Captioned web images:
########

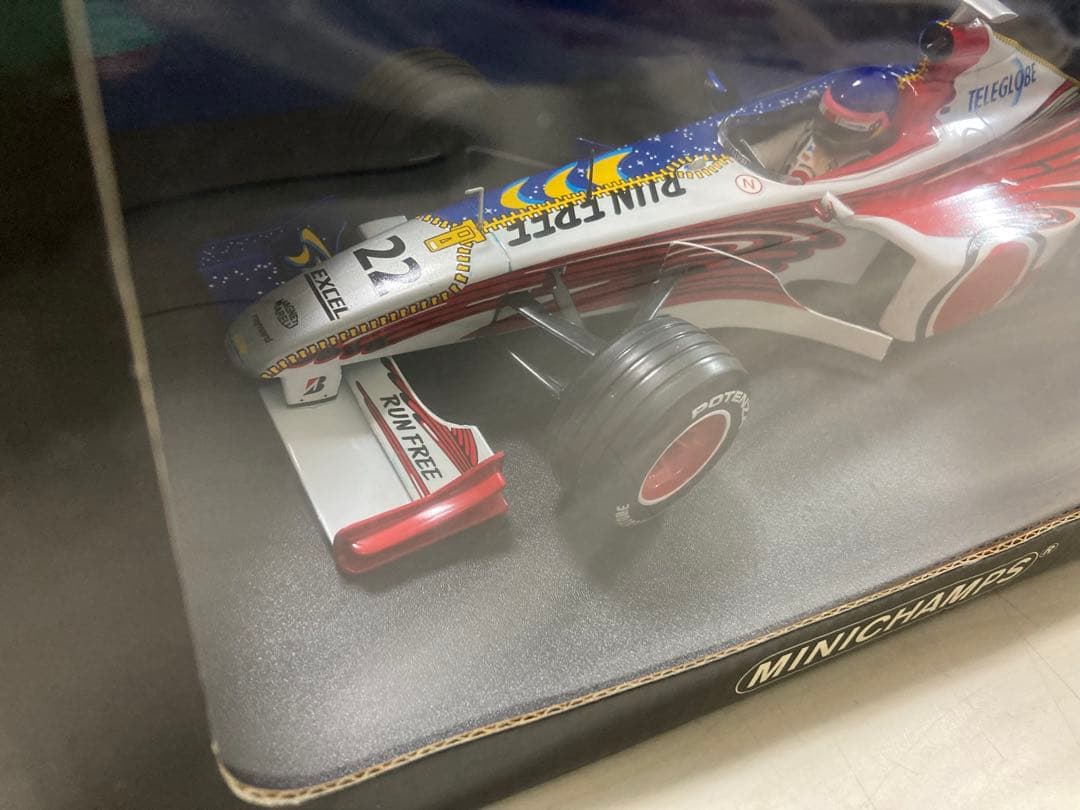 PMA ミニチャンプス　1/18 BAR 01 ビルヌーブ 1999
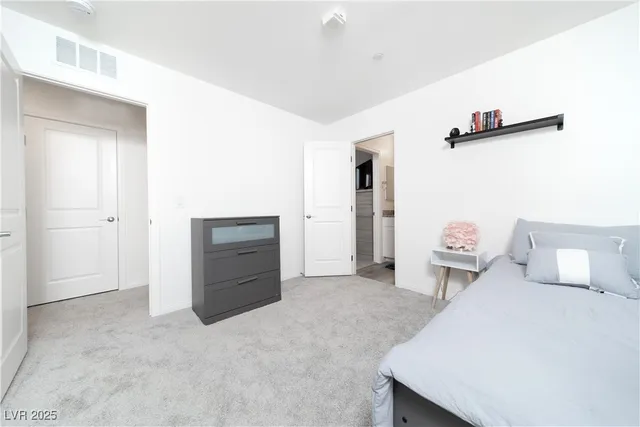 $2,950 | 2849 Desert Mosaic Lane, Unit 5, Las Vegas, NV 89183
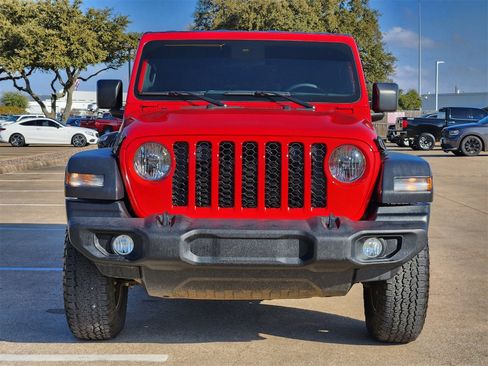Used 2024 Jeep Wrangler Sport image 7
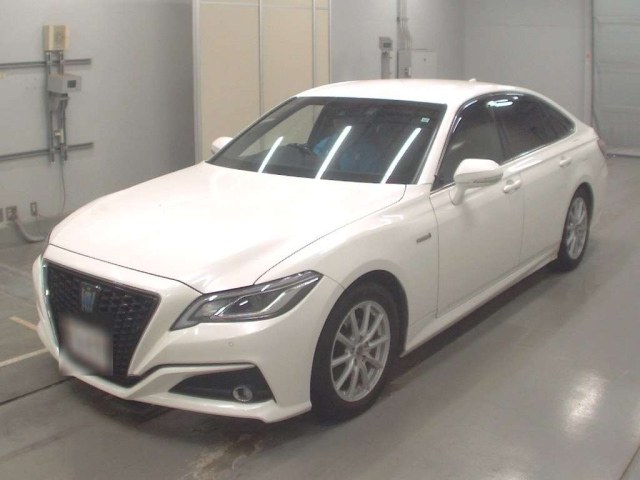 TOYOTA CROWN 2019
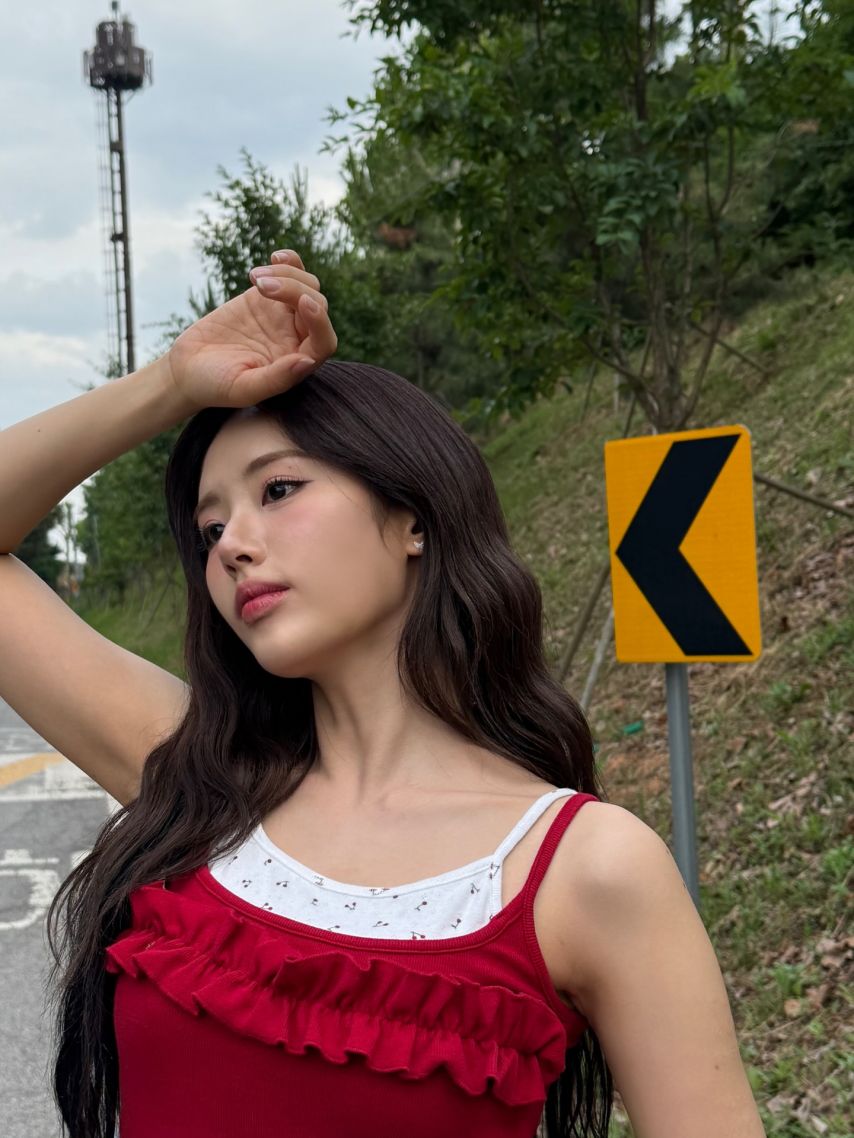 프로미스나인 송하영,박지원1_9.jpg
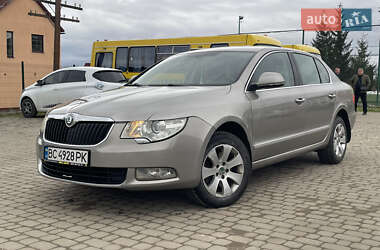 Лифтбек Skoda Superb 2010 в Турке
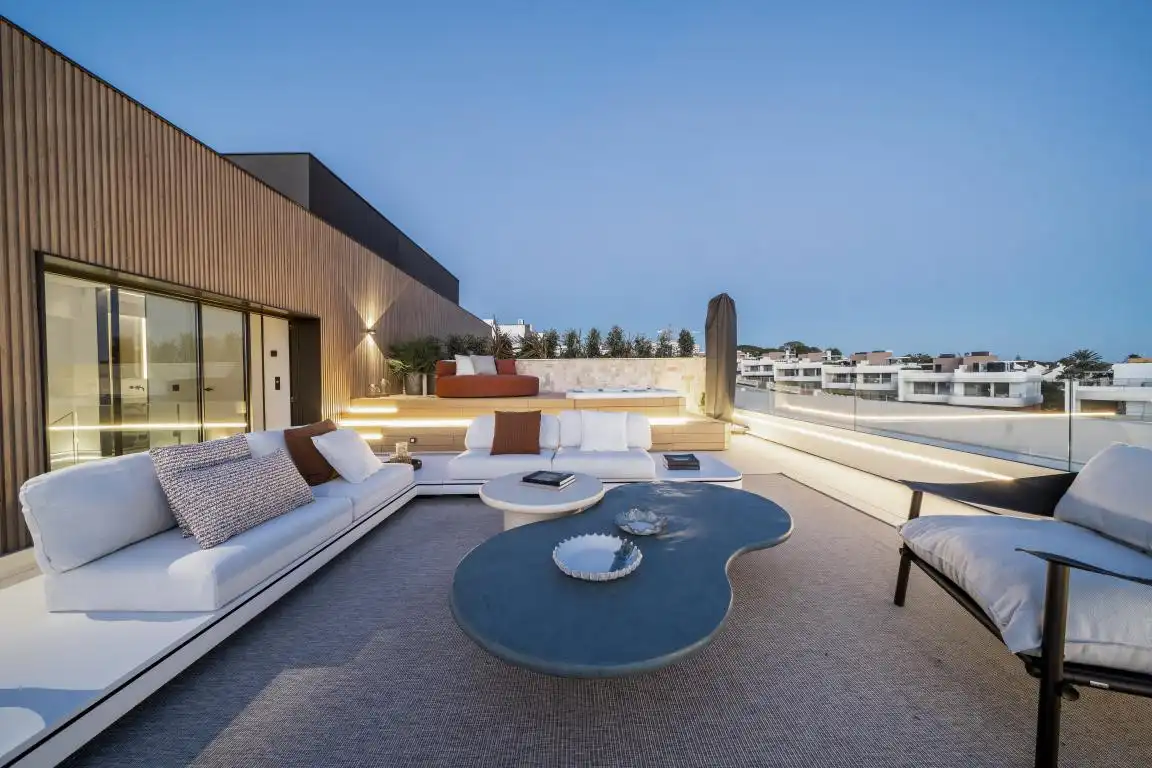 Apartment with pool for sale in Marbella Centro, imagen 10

########

• **EXERCISE REQUIREMENTS**
Leave out every picture, and write out exactly the lines from the one with "프로미스나인 송하영,박지원1_9.jpg" through the end of the records above, both ends included.

• **EXERCISE ANSWER**
 프로미스나인 송하영,박지원1_9.jpg
 Лифтбек Skoda Superb 2010 в Турке
 Apartment with pool for sale in Marbella Centro, imagen 10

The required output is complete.